Six mois de prison avec sursis ont été requis vendredi à l'encontre d'un commissaire qui, en 2019 à Nice, avait ordonné la charge à l'origine de blessures subies par une septuagénaire, Geneviève Legay, lors d'une manifestation de "gilets jaunes".

"Cet ordre a été donné de manière ni nécessaire, ni proportionnelle, ni conforme à la réglementation", a estimé le procureur Alain Grellet au deuxième jour du procès de Rabah Souchi, 54 ans, devant le tribunal correctionnel de Lyon.

C'est "un ordre mal ordonné et donc mal exécuté qui conduit à ces blessures", a-t-il poursuivi, en soulignant la "confusion" autour de la préparation de la manoeuvre.

Les débats ont mis en lumière une charge lancée dans un temps très court après les sommations d'usage, ce qui, selon l'accusation, n'a pas laissé le temps aux manifestants de se disperser, ni aux policiers de se préparer correctement.

"L'ordre donné est totalement légal", a argumenté de son côté l'avocat de la défense Me Laurent-Franck Liénard, qui a demandé la relaxe de son client.

Le jugement a été mis en délibéré au 8 mars à 14H00.

Diminuée

Le 23 mars 2019 à Nice, Geneviève Legay, alors porte-parole départementale d'Attac âgée de 73 ans, avait pris part à une manifestation interdite de "gilets jaunes". Renversée dans la charge policière, elle a souffert de multiples fractures et d'un traumatisme crânien.

Appelé à la barre des témoins, elle est revenue vendredi avec émotion sur cette journée qui l'a laissée "vraiment diminuée".

"Comme une imbécile, excusez-moi, j'ai voulu faire un dernier tour de drapeau et dire +liberté de manifester+", s'est-t-elle remémorée. Elle aperçoit quelques policiers, avec boucliers et tonfas. "Je me dis +il t'arrivera rien, t'as un drapeau de la paix+. Je me suis réveillée à l'hôpital".

A l'époque, les images de la septuagénaire inanimée au sol font couler beaucoup d'encre, d'autant que les autorités sont soupçonnées d'avoir cherché à étouffer l'affaire, le procureur de Nice ayant, dans un premier temps, nié tout contact entre la militante et les forces de l'ordre, une thèse reprise par Emmanuel Macron.

Cinq ans plus tard, Mme Legay garde des séquelles de cette journée. "On ne la reconnait pas du tout, elle a peur en permanence", a confié une de ses filles.

Efficace

Poursuivi pour "complicité de violence par une personne dépositaire de l'autorité publique", Rabah Souchi s'est défendu d'une voix ferme pendant quatre longues heures à la barre, jeudi. 

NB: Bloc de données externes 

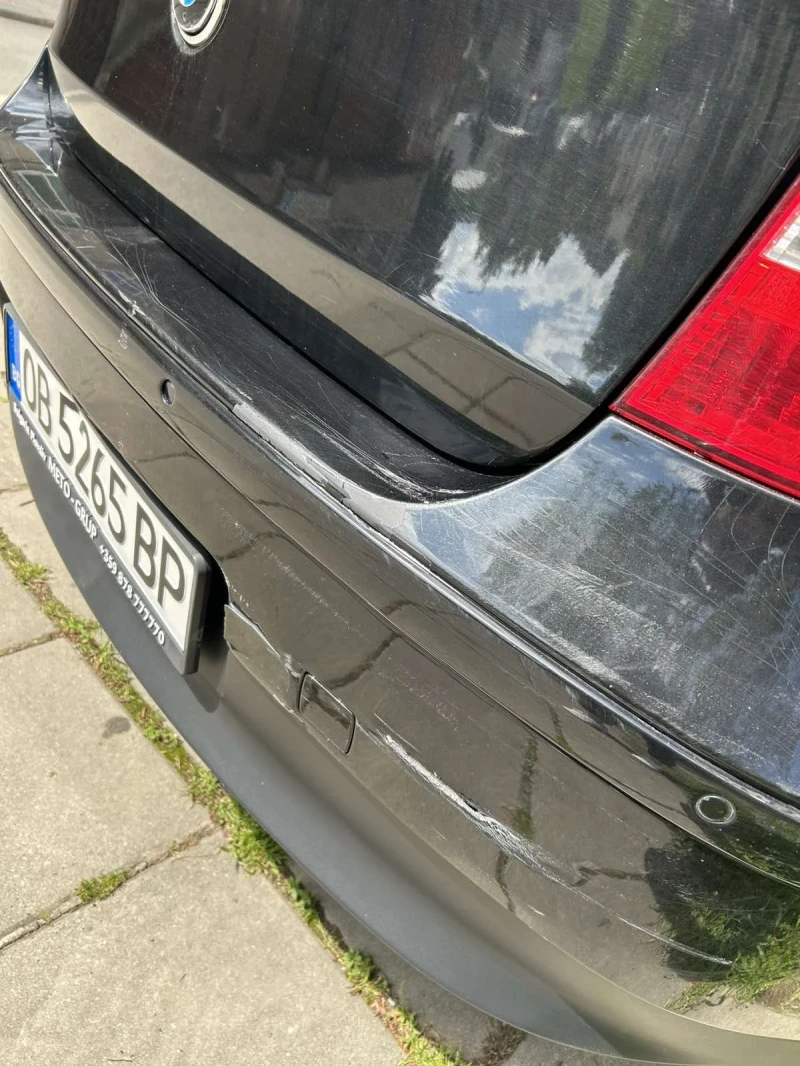 BMW 116, снимка 12 - Автомобили и джипове - 51503228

Il a assuré que la décision de charger était "la tactique la plus efficace ce jour-là" afin de répondre à l'objectif de dispersion fixé par le préfet. Une action qui se justifiait, selon lui, par la présence des manifestants sur des voies de tram et leur refus de partir alors que la manifestation était interdite.

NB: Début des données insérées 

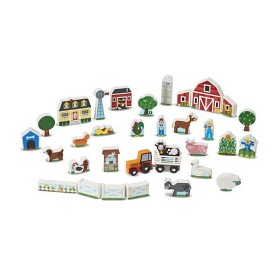Bild på Melissa & Doug Den lilla bondgården i trä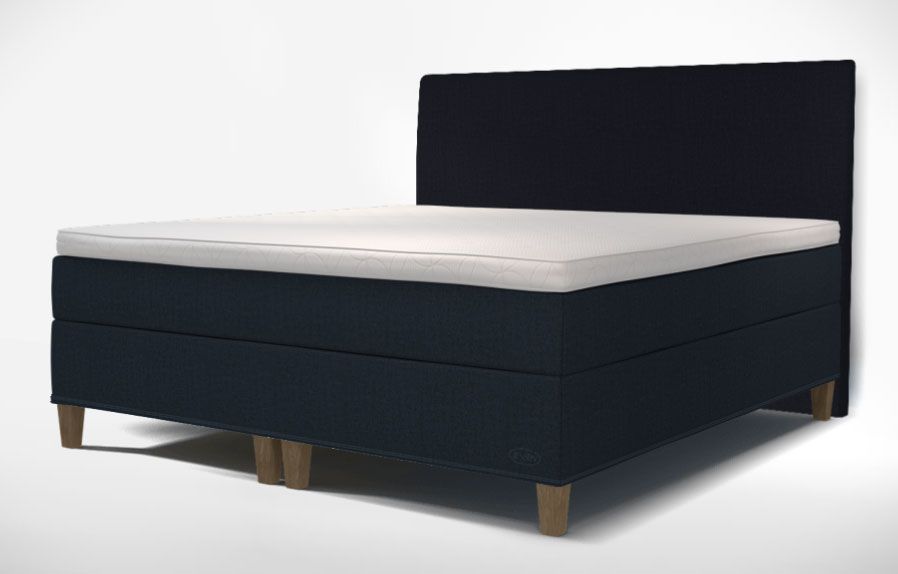 Jensen Majestic jenkkisänky 210x210cm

Il a également insisté sur le rôle du policier qui a bousculé Mme Legay, estimant que cet agent s'était "détaché de l'action collective".

Ce dernier n'a pas été poursuivi, après avoir été placé sous le statut de témoin assisté pendant l'enquête. Ce qui a donné lieu a des échanges poussés sur cette situation juridique au cours des différentes plaidoiries et réquisitions.

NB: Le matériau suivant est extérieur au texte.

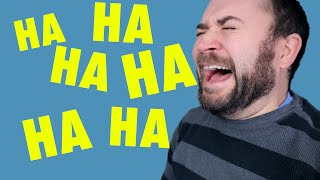 30 Different Ways to Laugh  Wheezy Ways 7 [upl. by Oirramed664]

"On ne peut pas poursuivre M. Souchi pour un acte commis par un autre fonctionnaire", a déclaré à la presse Me Liénard, estimant en outre que les faits ne répondaient pas "aux critères de la loi en matière de complicité".

Les avocats de Mme Legay, et ses soutiens, souhaitent eux obtenir une décision qui fasse jurisprudence. 

"Geneviève Legay est une exception parmi tant d’autres en ce qui concerne les violences policières", a souligné Me Arié Alimi, qui dans sa plaidoirie a demandé au tribunal d'"apporter des points de référence".

"Aujourd’hui; la justice reconnait des fautes qui ont été commises dans le maintien de l’ordre, reconnait que cette enquête n’aurait pas dû se dérouler comme elle s’est déroulée, reconnait un scandale judiciaire, un mensonge d’Etat", s'est-il aussi félicité devant les journalistes.